DESCRIPTION OF THE TASK:
Repeat the listing exactly as given, omitting every image.

THE DATA:
● ● ● ●
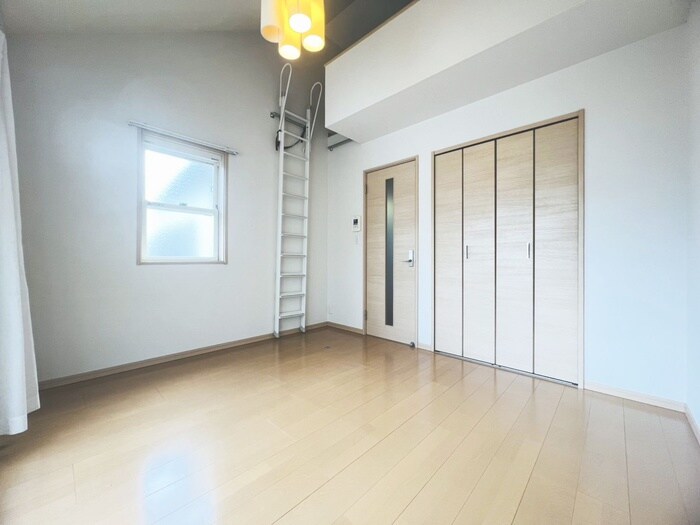 物件内観写真4　(居室)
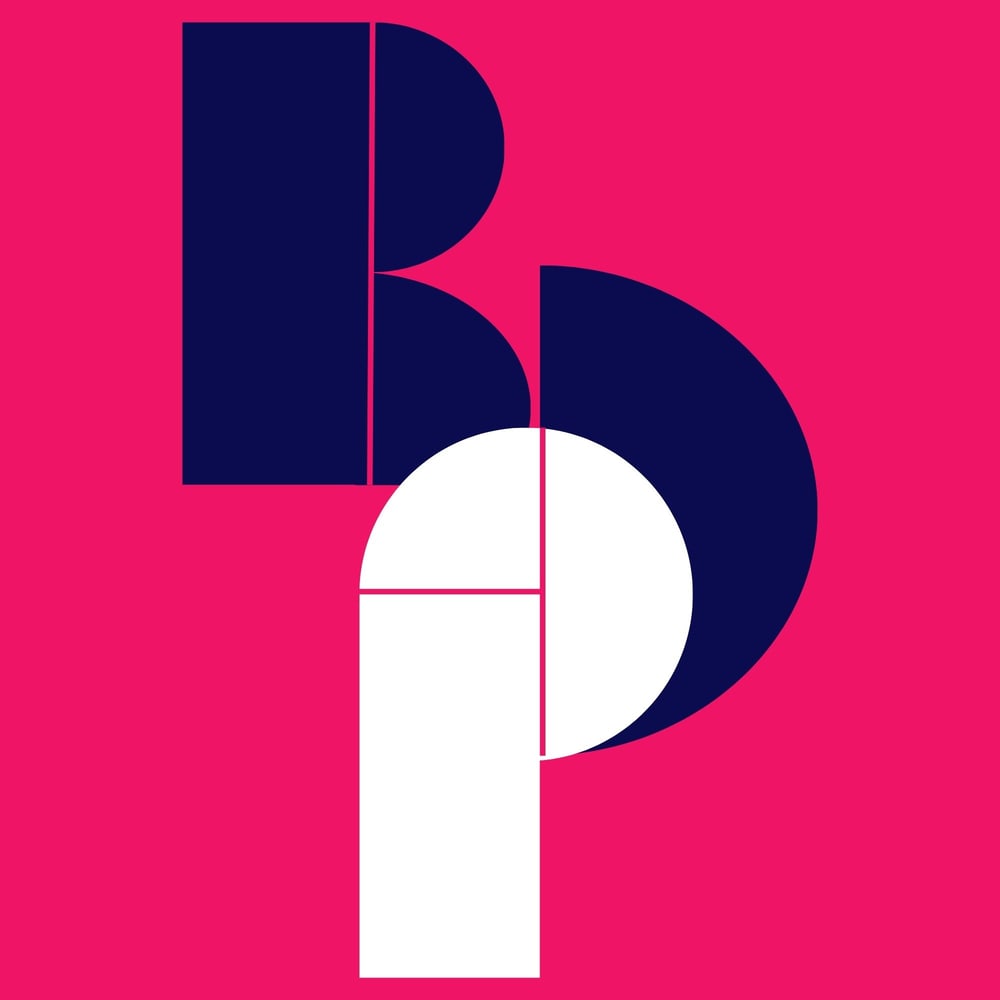 Logo: schwarze Kamera mit Text "Dorothea Brandt FOTO- UND VIDEOGRAFIN" in einem weißen Kreis. 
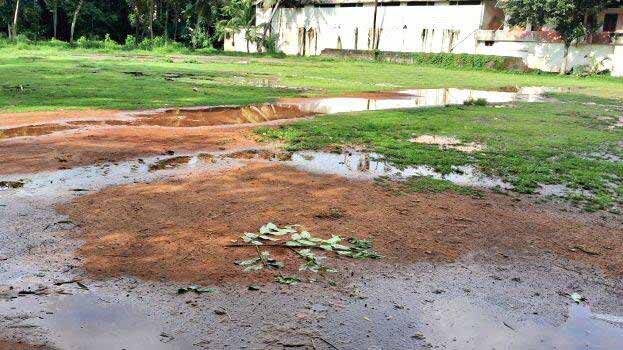 ഏഴംകുളം ഗ്രാമപഞ്ചായത്തിലെ അറുകാലിക്കൽ പഞ്ചായത്ത് സ്റ്റേഡിയം അവഗണനയുടെ നടുവില് ഏഴംകുളം ഗ്രാമപഞ്ചായത്തിലെ അറുകാലിക്കൽ പഞ്ചായത്ത് സ്റ്റേഡിയം അവഗണനയുടെ നടുവില്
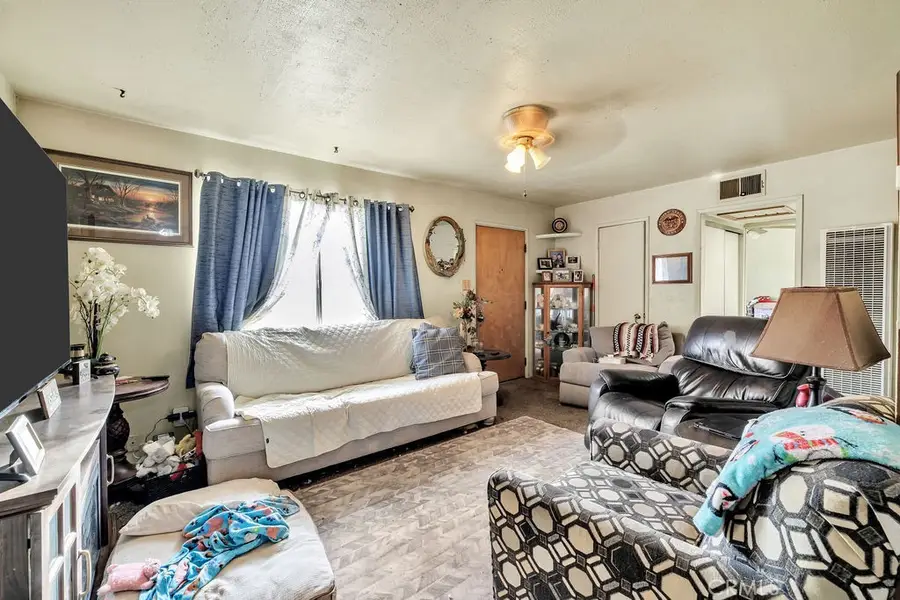 241 N Helena Street, Ridgecrest, CA 93555 - Image #3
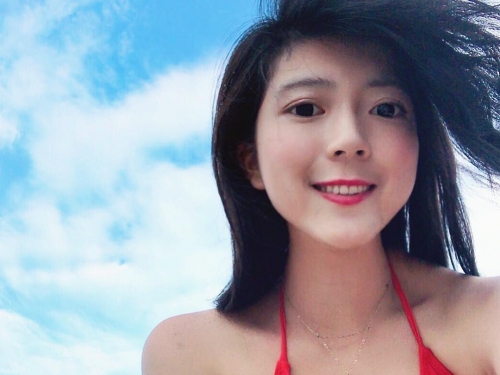 炫奶狂人！「巨乳女大生」每件衣服都太小件　扣子總是扣不起來！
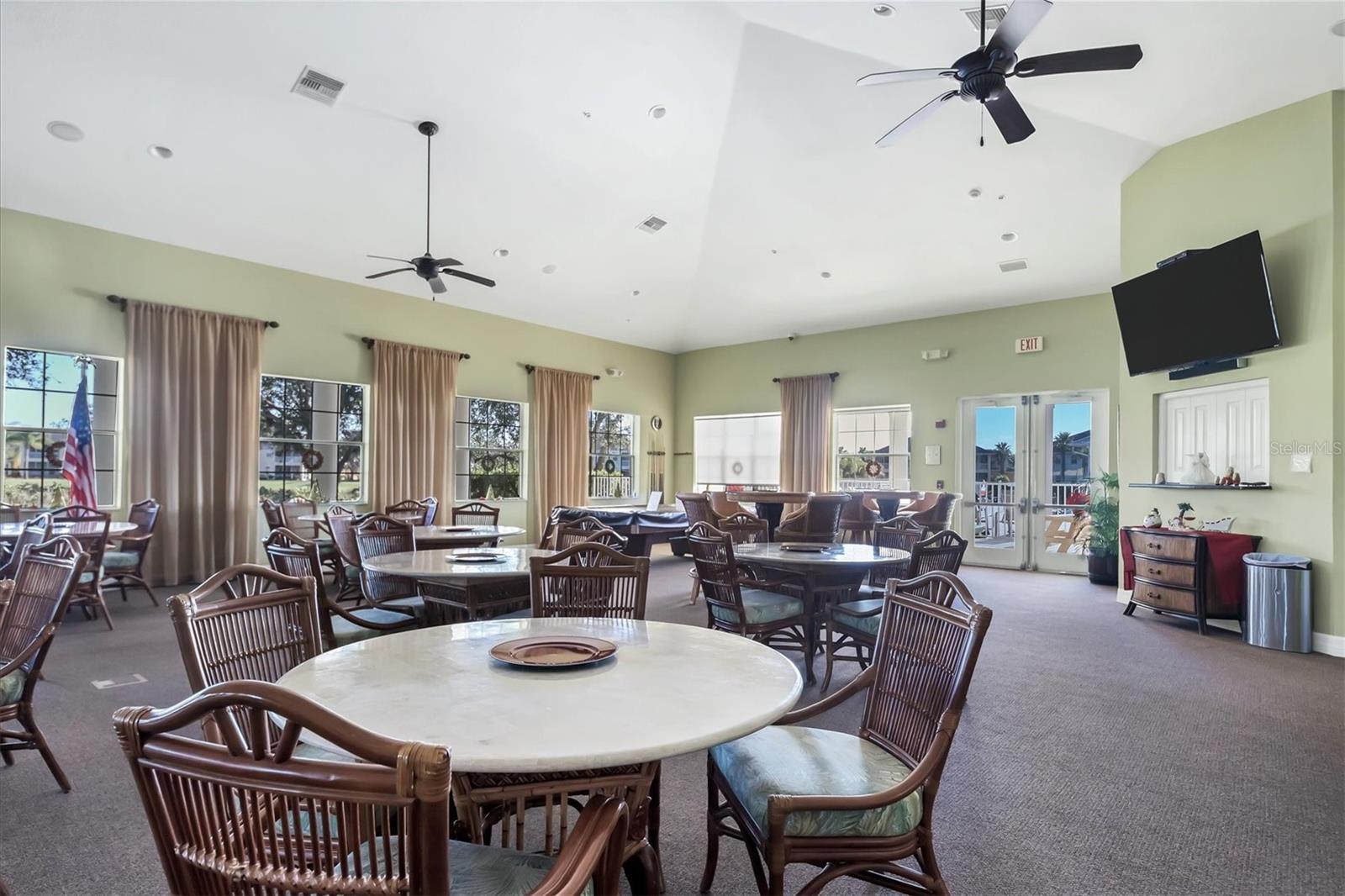 LAKE VIEW CONDO/HERITAGE LAKE PARK - Residential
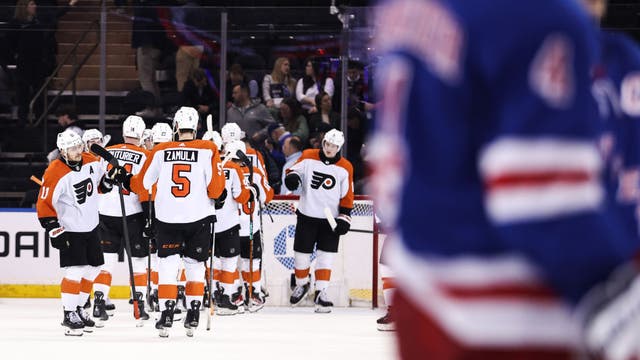 Flyers end 8-game losing streak with 4-1 victory over Rangers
● ● ● ●
ANSWER SECTION:
 物件内観写真4　(居室)
 Logo: schwarze Kamera mit Text "Dorothea Brandt FOTO- UND VIDEOGRAFIN" in einem weißen Kreis. 
 ഏഴംകുളം ഗ്രാമപഞ്ചായത്തിലെ അറുകാലിക്കൽ പഞ്ചായത്ത് സ്റ്റേഡിയം അവഗണനയുടെ നടുവില് ഏഴംകുളം ഗ്രാമപഞ്ചായത്തിലെ അറുകാലിക്കൽ പഞ്ചായത്ത് സ്റ്റേഡിയം അവഗണനയുടെ നടുവില്
 241 N Helena Street, Ridgecrest, CA 93555 - Image #3
 炫奶狂人！「巨乳女大生」每件衣服都太小件　扣子總是扣不起來！
 LAKE VIEW CONDO/HERITAGE LAKE PARK - Residential
 Flyers end 8-game losing streak with 4-1 victory over Rangers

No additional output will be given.